Moody's cited political unrest, the deterioration of Egypt's external payments position and doubt over whether the government could secure a vital US$4.8 billion loan from the International Monetary Fund.
The unrest has triggered a flight into dollars, draining the country's foreign reserves which the Central Bank of Egypt said fell to $13.6 billion at the end of January – below the $15 billion level needed to cover three months of imports.
In an effort to avoid a full currency crisis, the Central Bank introduced regular foreign currency auctions in late December. Since then, the pound has weakened by 8.2 percent against the dollar. It was last bid on Wednesday at LE6.7287 to the dollar – a new record low.
Dealers said volumes were thin, with trading switching to a parallel market where the pound was trading weaker still.

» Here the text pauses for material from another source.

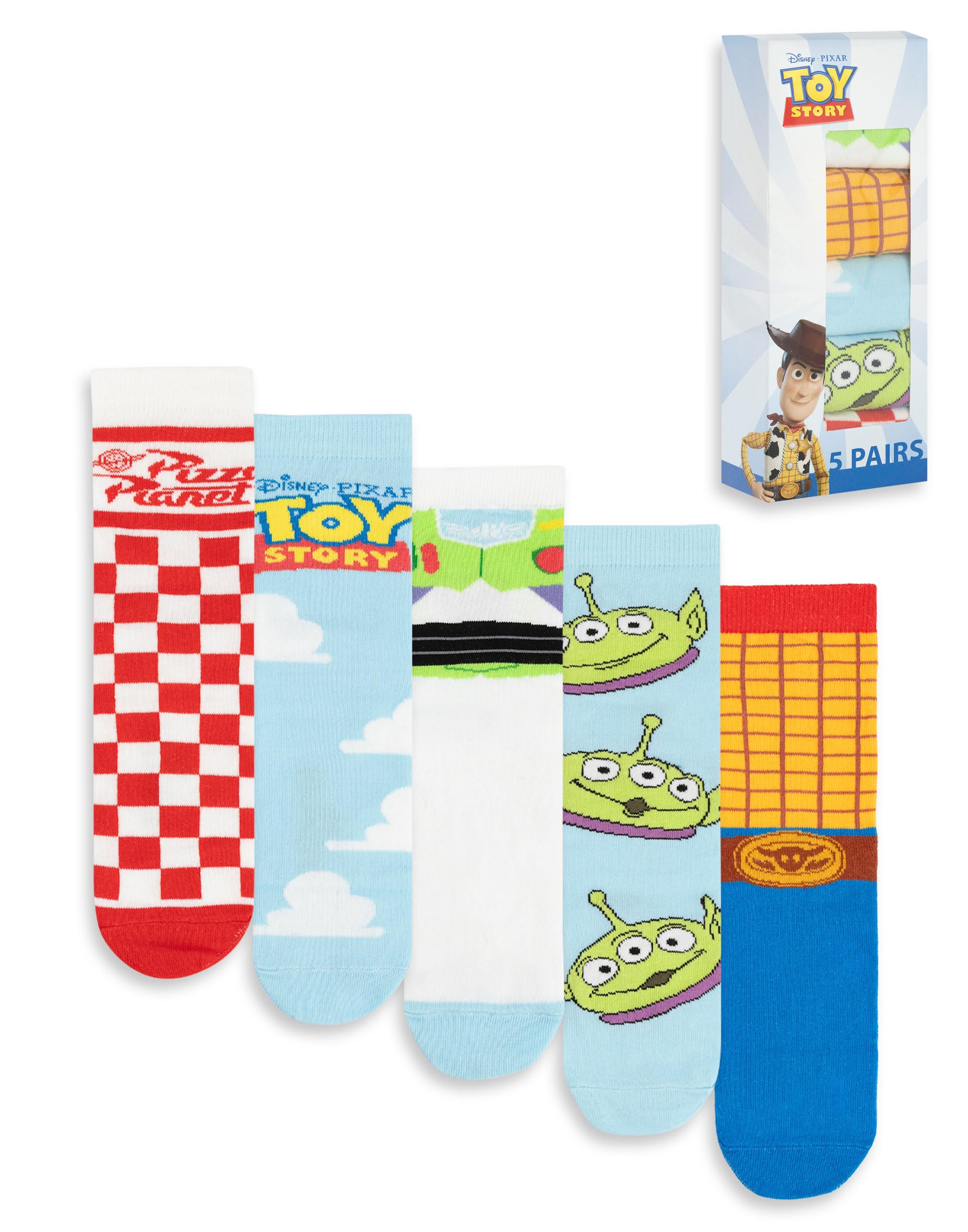Vanilla Underground Unisex Red/Blue/White Disney Toy Story Multicolou Multi Character Calf Socks Set Of 5 - 7-11 Uk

Three market participants said the currency had weakened to stand at LE7.2 to the dollar Wednesday compared to levels of around LE6.9 late last week.
"It is probably related to yesterday's downgrade (and) is definitely affecting the supply of US dollars in the market by the Central Bank. It is way too low compared to the demand,"
said one trader, speaking on condition of anonymity. "I think the gap will only widen between official rates and the parallel market as long as the supply-demand ratio is not fulfilled in the banking sector," he added.
The Central Bank held its 21st foreign currency auction Wednesday, selling $38.9 million. The cut-off price was LE6.7188 to the dollar, weaker than Monday's level of LE6.7082.
The Central Bank had offered $40 million at Wednesday's auction – the same amount it offered Monday. They are the smallest amounts on offer since the currency auction system began.
The weighted average bid at the Central Bank auctions determines the pound's price in the interbank market, but the central bank has set a trading band of 0.01 piasters that restricts its movement.
The Egyptian government in December postponed final ratification of a $4.8 billion loan agreement with the IMF because of political unrest in the country at the time.
Moody's on Tuesday cut Egypt's government bond rating by one notch to B3 from B2, and said it may cut the rating further.